Minister for Justice Michael McDowell has described the drink-driving incident involving Jim McDaid TD as a "very serious lapse", but he declined yesterday to say whether Dr McDaid should resign his Dáil seat or be expelled from his party.
However, he pointed out that other politicians who had been found drink-driving in the past had not resigned. "Jim McDaid isn't the first member of Dáil Éireann to find himself in these circumstances," he said.
"If you look across the benches in the House, it's not unprecedented, it hasn't lead to a resignation in the past."
Dr McDaid could not be contacted for further comment yesterday on his statement on Wednesday admitting the offence and apologising for it.
Gardaí have sent a file on the matter to the DPP and, if a case is proceeded with, it may take two months or more to get to court.
A truck driver who said he witnessed Dr McDaid driving dangerously on the wrong side of the Naas dual carriageway said yesterday his " stomach was turning with fright to see this man go down the road". The driver said he ultimately drove ahead of Dr McDaid's car and blocked his path to make him stop before taking his car keys away.
Gardaí later brought the former minister to Naas Garda station where a sample was taken, and a file is now to be sent to the DPP who will decide whether to charge him.
The most recent conviction of a politician for drink-driving was in 2003 when Fianna Fáil TD GV Wright, who was found to be over the limit after his car struck a pedestrian who received serious injuries.

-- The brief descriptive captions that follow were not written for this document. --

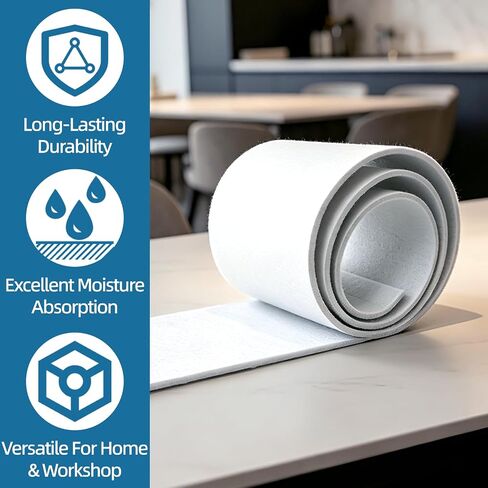Self-Adhesive Felt Roll, Soft Cuttable Fabric, White Padding Felt, Flexible Multipurpose for Furniture Protection, General Buffering & Support, 1 Roll (90×6×0.24 inch) in Saudi Arabia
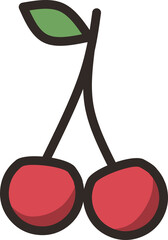 Cartoon Style Fruit Icons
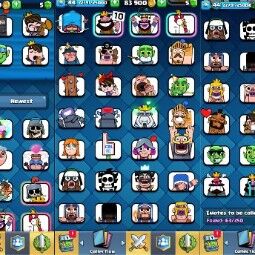 👑KT 14 👑 6928 Trophy 👑 44 LVL 👑 114 Cards 👑 63 Emotes 👑 5 Gems 👑 83 k Gold 👑 2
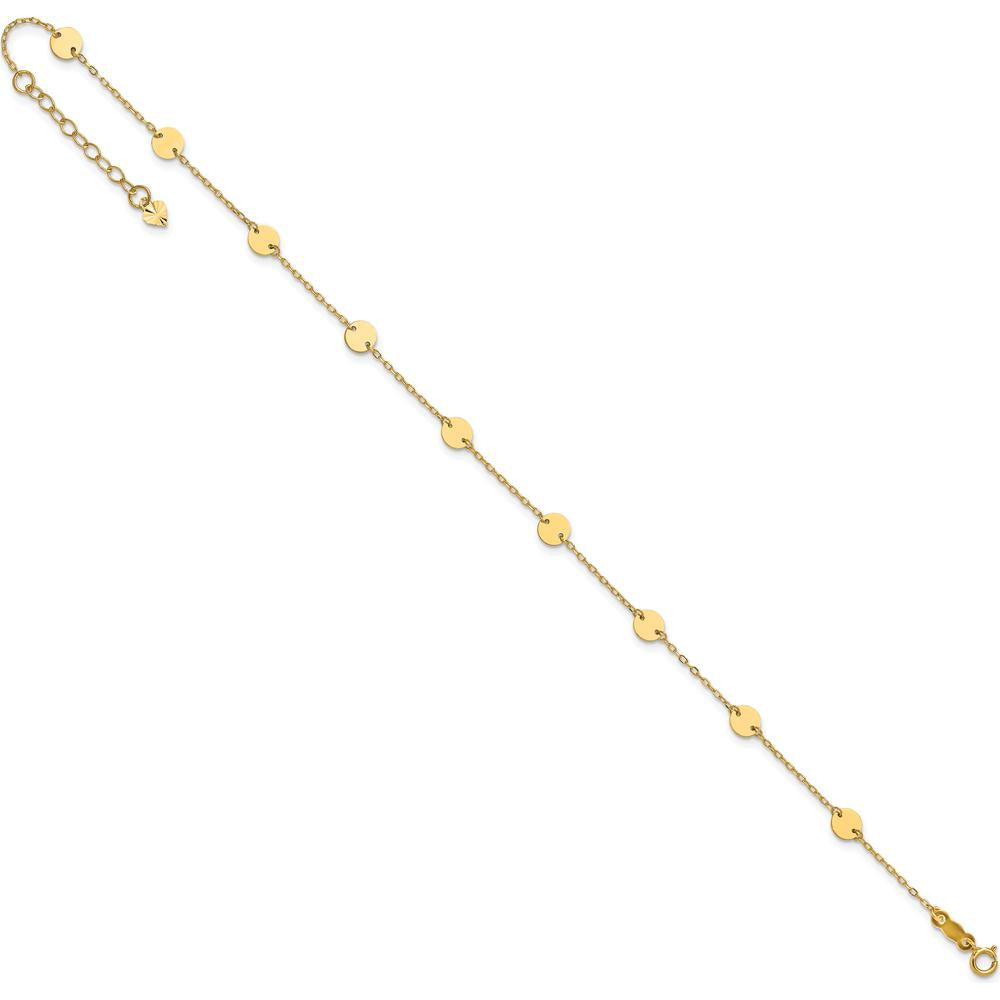 14K Yellow Gold Polished Disc 9-Station Anklet with 1" Extender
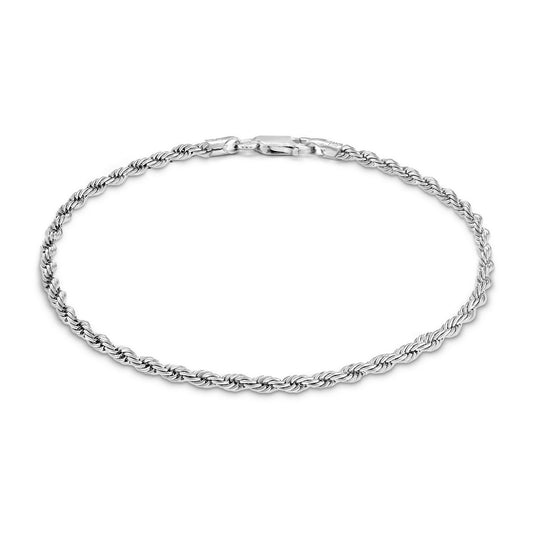 Real Effect Silver Solid Rope Bracelet Slim REW8RP-G050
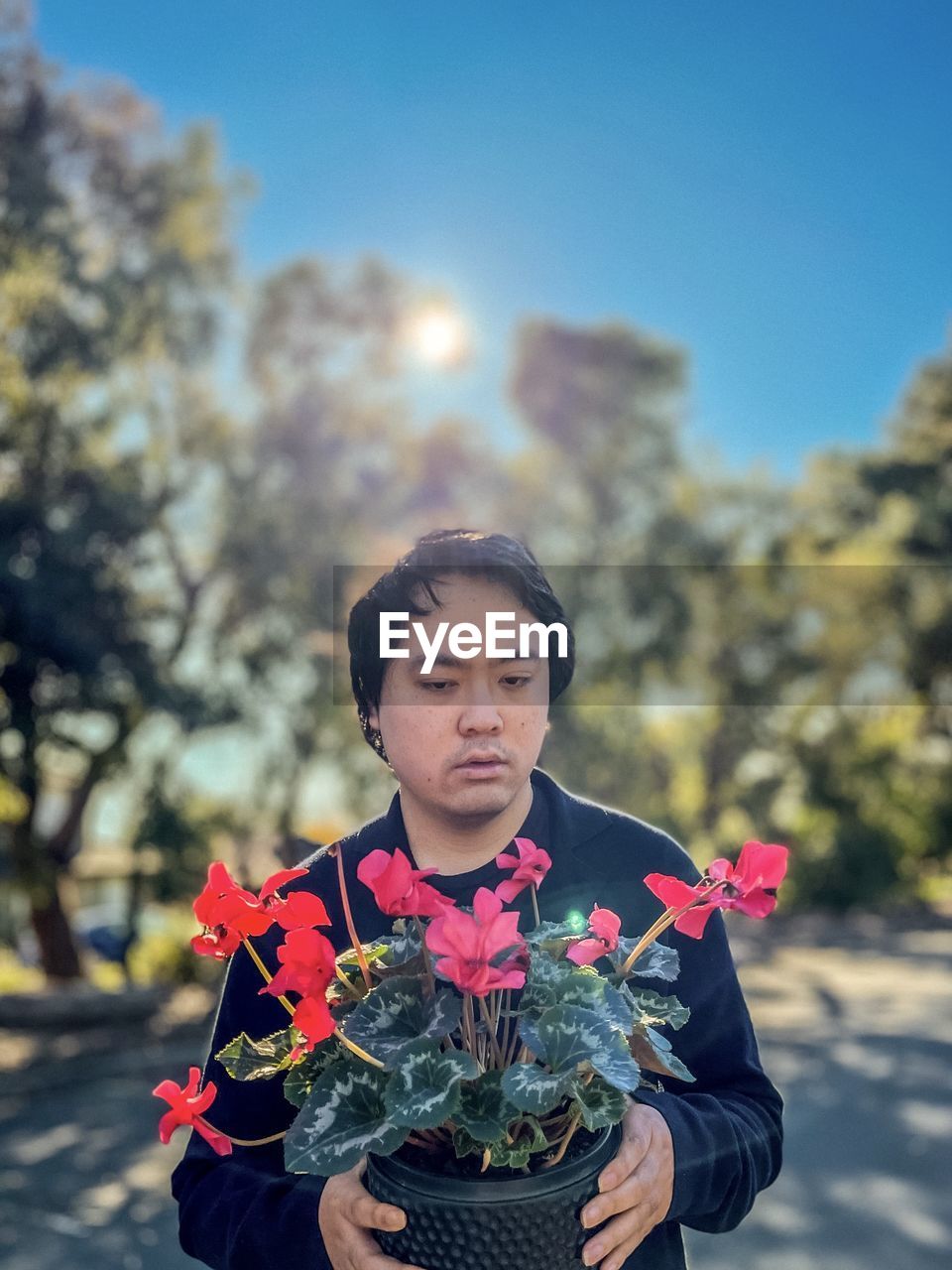 Portrait of young asian man holding red flowering cyclamen potted plant against trees and blue sky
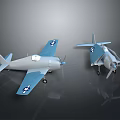 Two Blue Space Shuttle Models With White Cross Mark On Dark Background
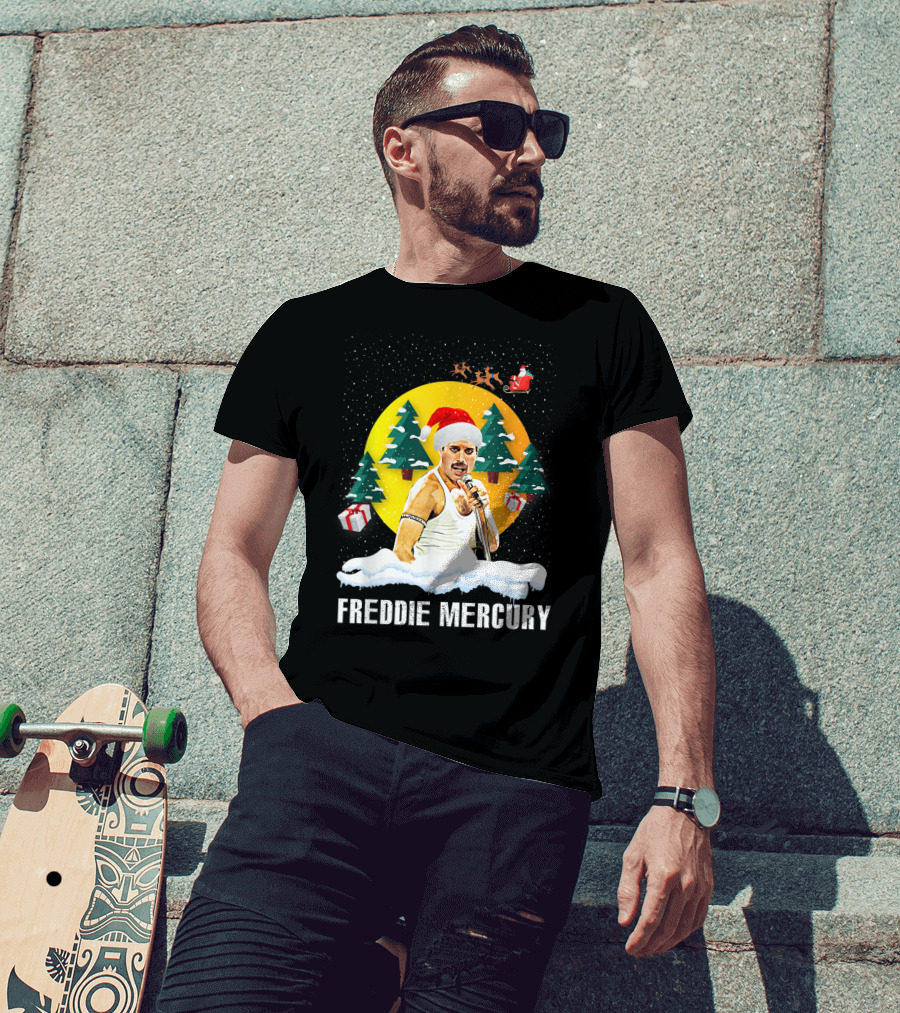All I Want For Christmas Is Freddie Mercury Santa Festive Trees And Gifts T-Shirt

Former deputy Liam Lawlor was convicted for drink-driving in 2000. Other politicians have received similar convictions in the past including Labour's Michael Bell, Independent senators David Norris and Joe O'Toole and former Labour Party leader Ruairí Quinn.
Mr McDowell said yesterday it was "a matter of huge importance that the public be given an example by those in politics, the example of obeying the law.
"The public now is much less tolerant of this kind of behaviour . . . I believe it's something which reflects badly on politics and I think that the law should be upheld."
When ask if he should be expelled by from the Fianna Fáil party he said: "I'm not going to start telling Fianna Fail what to do." If similar events arose in his own party he was unsure what he would do. It was something he hoped he would never have to face in the Progressive Democrats.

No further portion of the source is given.